Smith’s men are namby-pambies, hypocrites, egotists, manipulators or phonies. Of the three Belsey children, the oldest son is a flaccid convert to Christian piety, the younger son a silly would-be denizen of the ghetto ready to perpetrate any stupidity in order to please his brothers in the hood, and only the struggling daughter evinces a certain courage about appropriately asserting herself in the world. Since the perspective of the book is largely satiric, some of the minor female characters are also exposed to the light of ridicule; but in the end the only authentic bond between two characters is the one between the wives of Howard and Monty, each suffering in a different way from the small and large indignities of life with a self-absorbed and ultimately obtuse man.
The novel ends with a conjugal train-wreck that is utterly dismaying, though I suspect that it is meant to seem a moment of liberation for Howard’s wife. In the last scene, Howard appears rather like a villain in the concluding pages of a Dickens novel, rejected by his earth-mother wife, who has plenty of women’s solidarity to make up for his loss, reviled in a vulgar gesture by his three children, on the brink of being forced from his job, and about to lecture on Rembrandt’s Hendrickje Bathing, a subject he is incompetent to discuss because he does not grasp what beauty really means.

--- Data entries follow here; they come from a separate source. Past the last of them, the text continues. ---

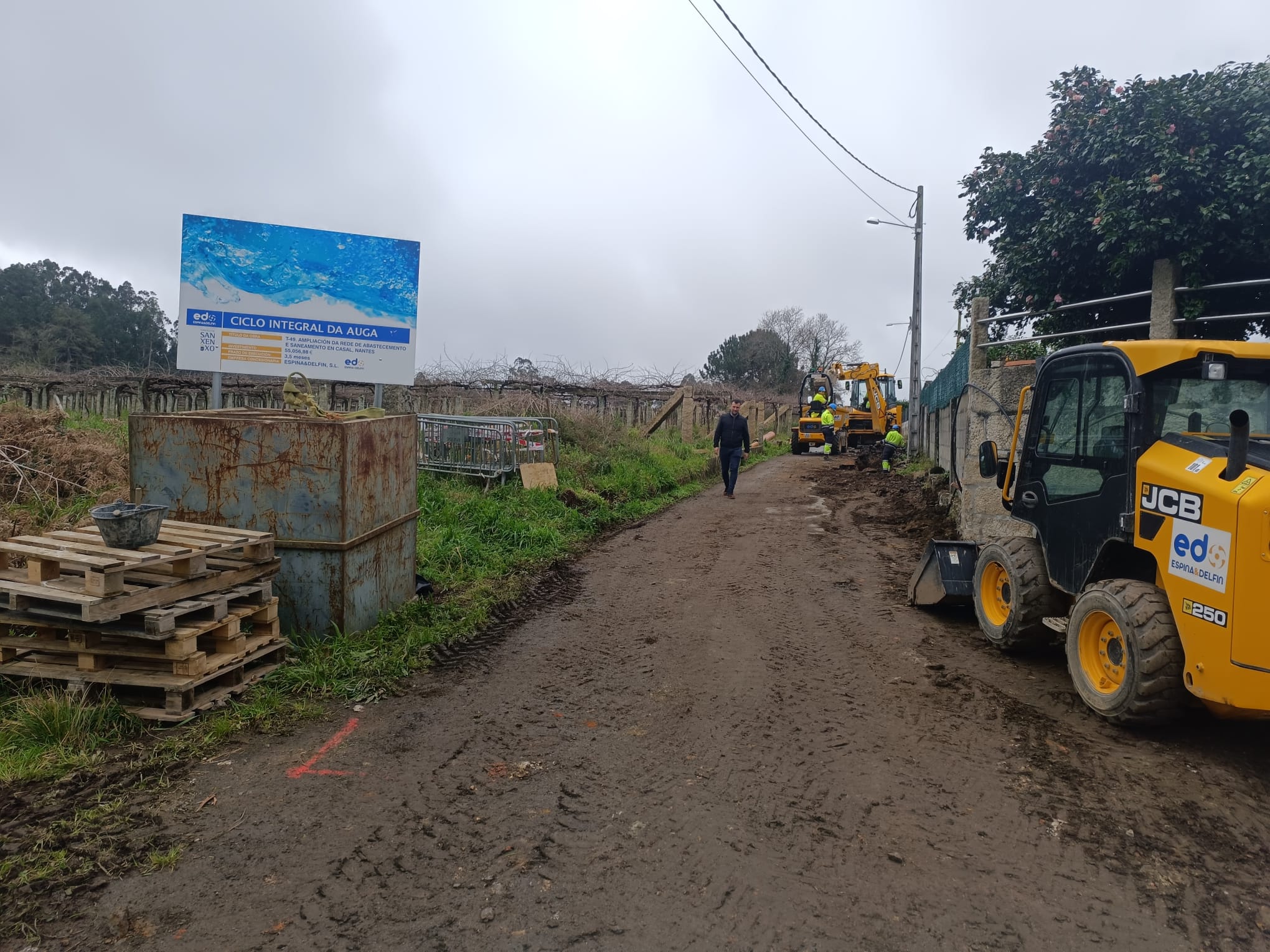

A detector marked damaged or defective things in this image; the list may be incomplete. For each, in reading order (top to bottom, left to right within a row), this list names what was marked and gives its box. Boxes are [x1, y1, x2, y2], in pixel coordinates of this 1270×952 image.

rusty metal container [129, 411, 419, 642] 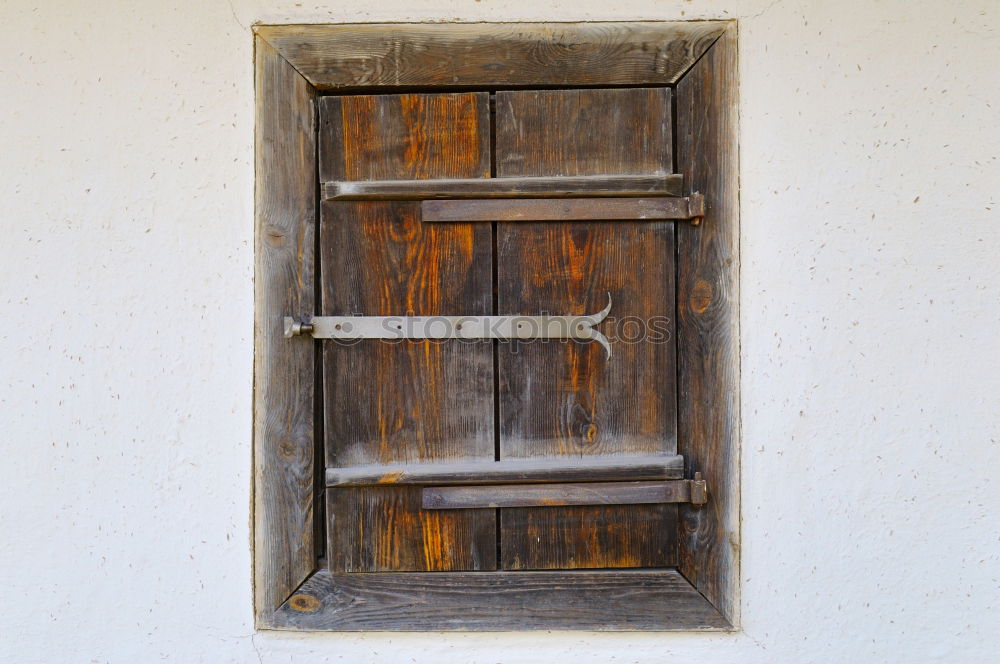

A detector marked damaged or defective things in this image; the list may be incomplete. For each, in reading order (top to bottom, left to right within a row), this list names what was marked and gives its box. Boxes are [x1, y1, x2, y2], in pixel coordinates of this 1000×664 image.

rusty metal strap hinge [286, 294, 616, 358] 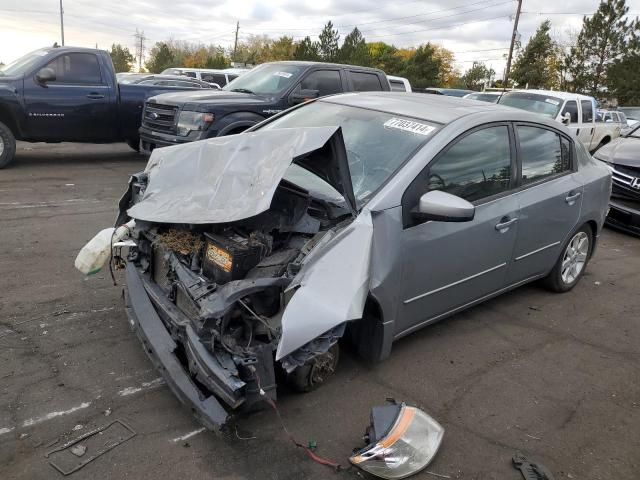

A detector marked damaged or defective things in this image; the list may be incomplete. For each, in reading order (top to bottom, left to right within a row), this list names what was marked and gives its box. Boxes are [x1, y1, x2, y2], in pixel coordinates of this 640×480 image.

detached headlight [178, 111, 215, 137]
crumpled hood [127, 126, 358, 226]
crumpled hood [596, 138, 640, 168]
exposed car battery [204, 232, 266, 284]
severely damaged sedan [80, 92, 608, 430]
damaged bumper [122, 262, 232, 432]
detached headlight [350, 404, 444, 478] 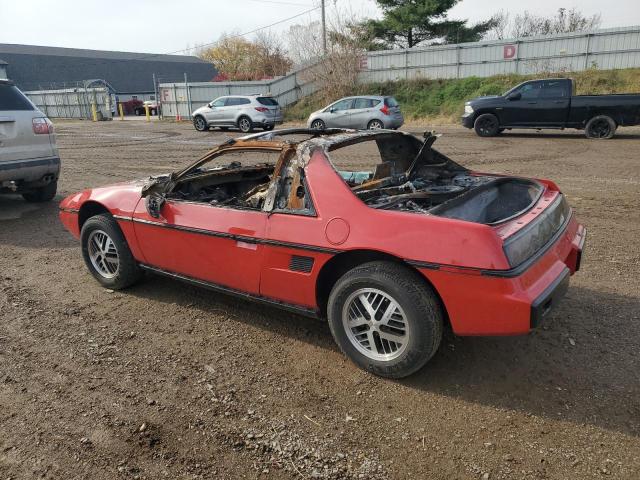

Finally, On Beauty is an odd mixture—alternately amusing, perceptive, even emotionally absorbing, with some of the narrative zest of White Teeth, and then too often schematic, insistent, or simply not quite credible. The American academic setting, which Smith knows but perhaps not well enough, and the emulation of Howards End, which is an interesting idea that does not altogether fit this fictional world, may have led her astray. As a novelist, she can marshal shrewd understanding, stylistic flair, vivid description and a lively sense of comedy. All this may yet enable her to produce great fiction, but On Beauty is far from that.
Smith’s decision to emulate Forster’s novel reminds us how much the ground of fiction has shifted since 1910. Everything in Howards End is predicated on fine gradations and distinctions between classes, and it is the writer’s intimate knowledge of the class system that enables the authoritative pronouncements of the narrator. When Margaret Schlegel meets Leonard Bast at a concert (a scene replayed by Smith), the first thing we are told about him is that “his class was near enough her own for its manners to vex her.” Much of what we learn about him later belongs to the same category of knowledge: “Leonard Bast stood at the extreme verge of gentility;” he was “one of the thousands who have lost the life of the body and failed to reach the life of the spirit”; and so forth. Contemporary society lacks this sort of clearly articulated class system. Character now is a function of something as crude as ideology or style, or as elusive as individual temperament. On Beauty certainly registers an awareness of this change, but a less authoritative, socially assured tone would better represent our world, nearly a century after Forster wrote his masterpiece.